Space Discoveries

As the new year begins, I find myself reflect­ing on the year that has passed and plan­ning for the year to come. Like many peo­ple, I’m sure. Set­ting goals and res­o­lu­tions, renew­ing com­mit­ments and promis­ing to change usu­ally come to mind.

Recently, though, I’ve been think­ing about my need for space. Prompted by a study of Barry Hart’s “Peace­build­ing Wheel” in rela­tion­ship to peace edu­ca­tion in a class last year, the con­cept of phys­i­cal, emo­tional, and rela­tional space con­tin­ues to come to my attention.

I know that I need phys­i­cal space. I real­ized the extent of my claus­tro­pho­bia in Korea on the packed 11pm under­ground trains where my breath­ing was inter­rupted by the push of peo­ple against me. What does it mean, though, to have emo­tional and rela­tional space? How does that relate to time?

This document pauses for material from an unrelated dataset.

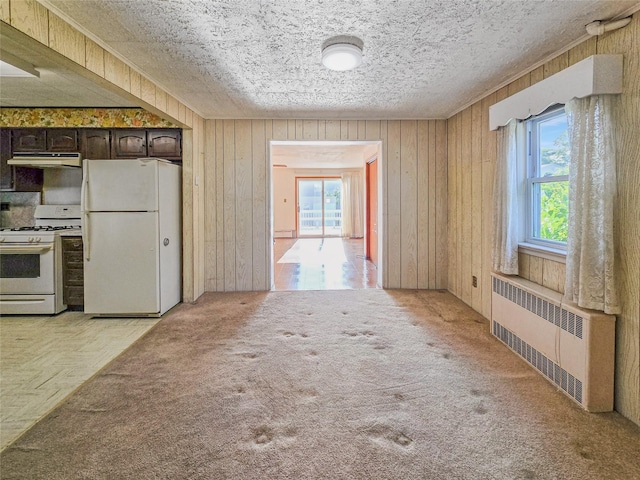 1994 Pine St, North Baldwin, NY 11510 - kitchen with white appliances, radiator, under cabinet range hood, dark brown cabinetry, and wood walls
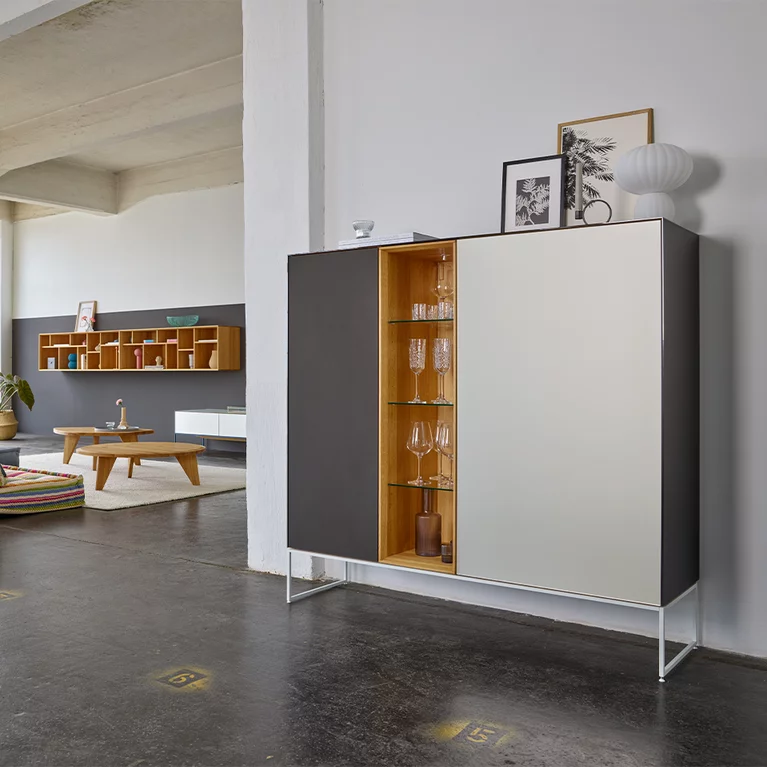 modern cubus pure wooden highboard made of solid oak with side panels, doors and top panel in coloured glass on a matt snow white metal frame, in the background two ur coffee tables and a graphic hanging shelf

In the last year, I expe­ri­enced the loss of a good friend. Through the grief process, I’m start­ing to under­stand the need for emo­tional space. While I rarely give myself the free­dom to just feel what I feel, I see the neg­a­tive impacts this lack of space has on me and the peo­ple close to me. When I do give myself space to grief, to lis­ten to my feel­ings and how my body is telling me it needs me to lis­ten, I come to a sense of release and renewal. If I have emo­tional space, the griev­ing process can con­tinue in healthy and life-giving ways.

The rela­tional con­cept of space cre­ates a place for friend­ships and con­nec­tions to be nur­tured. When I have my to-do list and I am so busy check­ing off on thing and the next, being pro­duc­tive, I more than likely will miss the nuances of my spouse’s facial expres­sions and for­get to ask how his day has gone. I tend to rush out of the stu­dent lounge after say­ing hi to a few from my class to get back to my office and “get things done” rather than sit together with hon­esty and pres­ence. Rela­tional space draws me into the lives of oth­ers, and makes their sto­ries my own. It cre­ates the oppor­tu­nity for authen­tic encounters.

So per­haps this year my res­o­lu­tion is not doing some­thing new, but let­ting go and cre­at­ing space. I seek to focus less on doing and more on being. In some ways, it’s eas­ier to resolve to add more com­mit­ments and promises to my sched­ule than to hon­estly reflect in space which may frighten and threaten me with its empti­ness. I find it more dif­fi­cult to stop, release, and be present. I sense, though, that Hart’s “Peace­build­ing Wheel” has some­thing that I’m miss­ing as one who seeks to cre­ate peace. This year, I’d like to dis­cover some space.